序盤は視覚障害者同士のラブストーリー。2人とも目が見えないことによるアクシデントも負けず、愛を育んでいきます。ショッピングモールで人込みに押されてはぐれてしまうエピソードなどはいかにもインド映画っぽいです。また、挿入歌「Mon Amour」のような2人によるダンス・シーンもあります。「暗闇と暗闇じゃあ光にならないわ」「でも、暗闇でも誰かと一緒にいれば、暗闇も少なく感じられるだろ?」という印象的なセリフもあります。
途中から強烈な復讐劇に変わっていきます。
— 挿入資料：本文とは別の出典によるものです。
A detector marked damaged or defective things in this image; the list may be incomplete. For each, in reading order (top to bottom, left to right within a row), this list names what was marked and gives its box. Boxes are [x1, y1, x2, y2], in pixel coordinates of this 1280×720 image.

復讐そのものよりも、復讐のきっかけになる事件がかなりどぎついです。悲劇はとことん悲劇的に悪役はとことん悪役になっており、復讐劇としての設定は単純そのもの。そのへん同じくリティク主演の復讐劇【Agneepath】(2012)のようなドラマとしての深みはなく、【Badlapur】(2015)のように復讐そのものの意味を問うこともありません。
しかし、設定が単純な分、リティクは光っていました。最初の幸福感から苦悩、そして復讐へと転じる感情の変化を巧みに演じています。ヒーロー物のリティクもいいですが、こうした人間臭い役も同じくらい良く演じられるところはさすがにトップ・スターです。
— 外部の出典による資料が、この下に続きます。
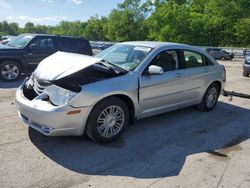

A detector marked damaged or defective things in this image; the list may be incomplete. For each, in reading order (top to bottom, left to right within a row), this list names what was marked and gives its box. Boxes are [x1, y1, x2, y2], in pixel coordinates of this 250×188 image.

damaged hood [34, 51, 101, 81]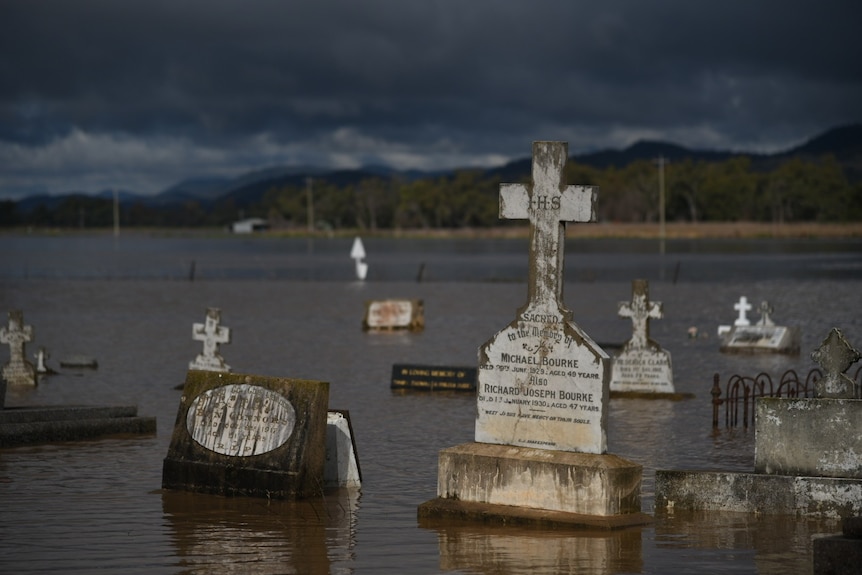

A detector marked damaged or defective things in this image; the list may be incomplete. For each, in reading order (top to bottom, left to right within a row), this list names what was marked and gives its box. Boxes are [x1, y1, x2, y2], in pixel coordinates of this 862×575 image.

rusted metal grave railing [712, 366, 862, 430]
とことん悪い奴をやっつける復讐劇というドラマ部分は十分(すぎ)ながら、「視覚障害者による復讐劇」という技術的な部分はやや面白みに欠けました。視覚障害者による犯罪(復讐も法的には犯罪のことが多いです)物は、著しい困難が伴う反面、実行しても犯罪の立証が難しいという点に立脚しており、ボリウッドではかつて視覚障害者のチームによる銀行強盗を描いた【Aankhen】(2002)があります。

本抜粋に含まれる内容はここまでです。